Il faut ici rappeler que, dans le contexte de la criminalisation de la protestation sociale mapuche au cours des 30 dernières années, un grand nombre de dirigeants et de membres du peuple mapuche se trouvent privés de liberté, étant soumis à de longues périodes de détention préventive et à des peines disproportionnées, ce qui, ajouté aux conditions sanitaires précaires des prisons, entraîne une importante menace pour leur vie et leur santé dans le contexte de la pandémie.

Compte tenu de ce qui précède, la FIDH demande à l’État chilien de mettre en œuvre les mesures suivantes :

• Une enquête impartiale qui tienne compte des principes de la présomption d’innocence, de la régularité de la procédure, et qui respecte strictement les principes de légalité, de nécessité et de proportionnalité de la peine.
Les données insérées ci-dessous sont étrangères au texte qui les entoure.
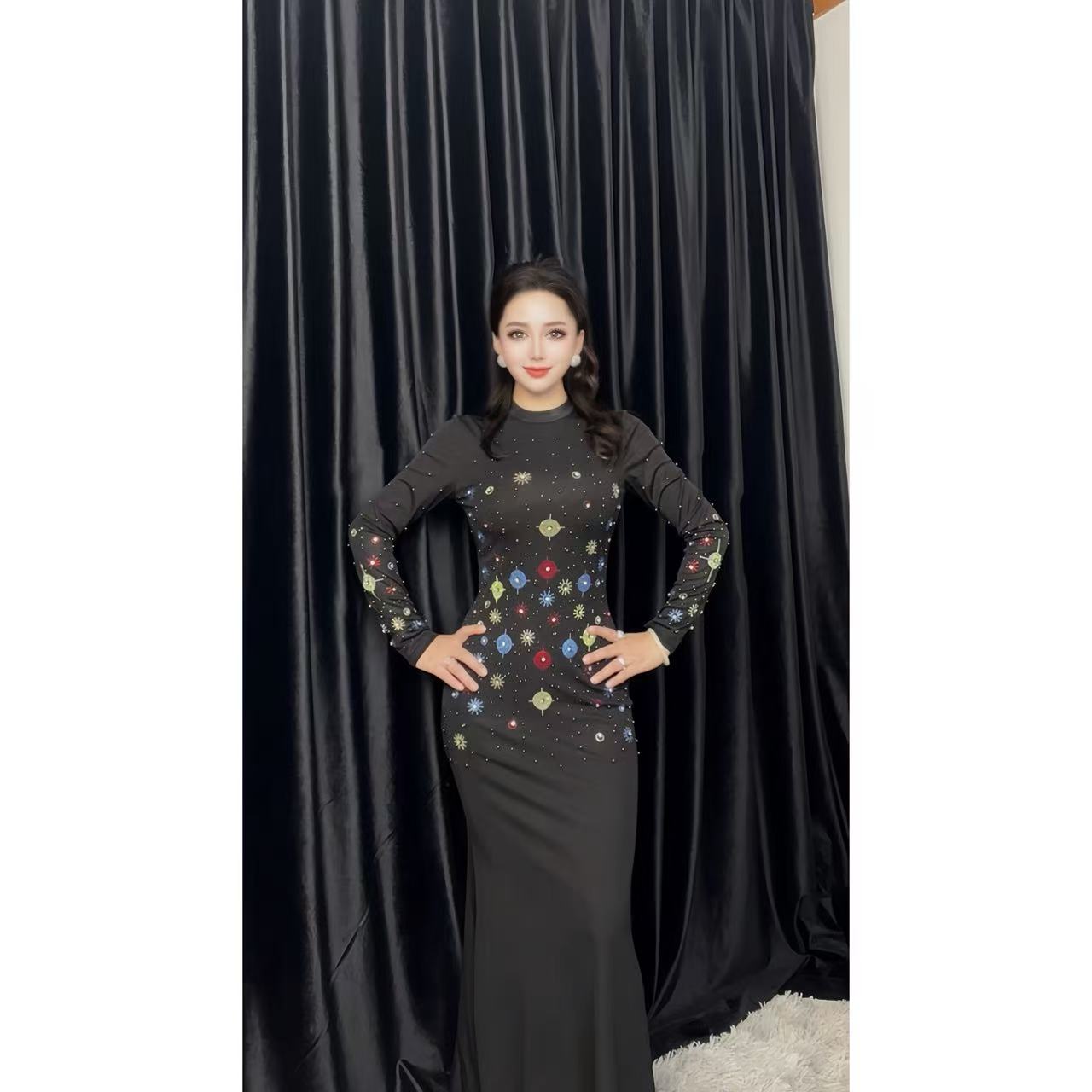 9905【包邮】气质时尚彩色烫钻显瘦显瘦女装连衣裙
• Dans le contexte de la pandémie, nous exigeons que l’État chilien prenne des mesures de détention à domicile pour les prisonniers mapuches actuels qui sont sous mandat d’arrêt et en grève de la faim. Dans le cas des prisonniers chiliens, plus de 1500 prisonniers ont été remis en liberté dans tout le pays, mais aucun d’entre eux n’était mapuche, ce qui montre une attitude raciste de la part des autorités chiliennes.
• Garantir la protection du fils de Carlos Pichún, en demandant le respect et la protection de la vie et des droits des enfants et des adolescents mapuches victimes de la violence policière.
• Condamner les violations des droits des enfants mapuches, conformément aux recommandations de la CIDH, qui a rappelé à l’État chilien son obligation d’apporter une clarification judiciaire aux actes de violence, de punir les responsables et de réparer les conséquences de ces actes. [3]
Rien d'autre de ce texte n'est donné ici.